Le tribunal de grande instance de Bangui a déclaré, le 16 octobre 2025, « nul et de nul effet » le certificat de nationalité centrafricaine d’Anicet Georges Dologuélé, ancien Premier ministre et candidat à la présidentielle de décembre prochain. Cette décision place de fait le président de l’Union pour le renouveau centrafricain (URCA) dans une situation d’apatridie.
À Bangui, la querelle se poursuit autour de la nationalité centrafricaine de l’opposant Anicet-Georges Dologuélé. Celui-ci a déposé son dossier de candidature à la présidentielle du 28 décembre pour affronter une troisième fois Faustin-Archange Touadéra. Il avait auparavant abandonné fin août sa nationalité française pour se mettre en conformité avec la constitution de 2023, qui interdit notamment aux binationaux de concourir. Mais les autorités contestent sa qualité de citoyen centrafricain, et donc sa participation au scrutin. La justice vient même d’annuler un certificat de nationalité à son nom.
A en croire RFI, en abandonnant la nationalité française acquise en 1994, Anicet-Georges Dologuélé estimait se mettre en conformité avec la Constitution de 2023. Mais la controverse ne cesse de rebondir. La semaine dernière, le gouvernement justifiait son refus de lui délivrer un passeport centrafricain en invoquant le Code de la nationalité de 1961.
En devenant français à l’âge adulte, le président du parti URCA aurait perdu sa nationalité centrafricaine, et sa réintégration ne pourrait intervenir que sur décret présidentiel. En clair : plus français, et pas redevenu centrafricain, Anicet-Georges Dologuélé serait actuellement apatride.
Saisi par le procureur de la République, le vice-président du tribunal de grande instance de Bangui a même déclaré, ce jeudi « nul et de nul effet », le certificat de nationalité d’octobre 2012 présenté lors de cette démarche administrative. Ce document avait déjà été utilisé par le candidat dans ces dossiers pour les élections de 2015 et 2020, et avec lequel il a été élu député.
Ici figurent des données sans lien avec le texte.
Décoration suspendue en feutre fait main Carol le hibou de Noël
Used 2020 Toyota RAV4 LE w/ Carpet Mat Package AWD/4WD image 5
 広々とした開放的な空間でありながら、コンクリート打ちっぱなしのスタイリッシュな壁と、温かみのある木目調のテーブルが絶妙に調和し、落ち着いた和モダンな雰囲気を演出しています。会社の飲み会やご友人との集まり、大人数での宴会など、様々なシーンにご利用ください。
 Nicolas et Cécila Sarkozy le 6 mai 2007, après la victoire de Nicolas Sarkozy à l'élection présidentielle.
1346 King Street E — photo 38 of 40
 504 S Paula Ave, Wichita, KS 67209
Un texte « tombé en désuétude »
Anicet-Georges Dologéuélé a néanmoins déposé samedi dernier son dossier pour la présidentielle du 28 décembre qu’il affirme « complet » et « recevable ». Il a ensuite écrit une lettre au président Touadéra, l’accusant « d’acharnement » envers sa personne et l’enjoignant à « démettre de leurs fonctions » tous les ministres, députés, fonctionnaires et porteurs d’uniforme – des « centaines » selon lui – qui seraient également apatrides selon le même application du code de 1961. Il juge le texte « tombé en désuétude » car « jamais appliqué ».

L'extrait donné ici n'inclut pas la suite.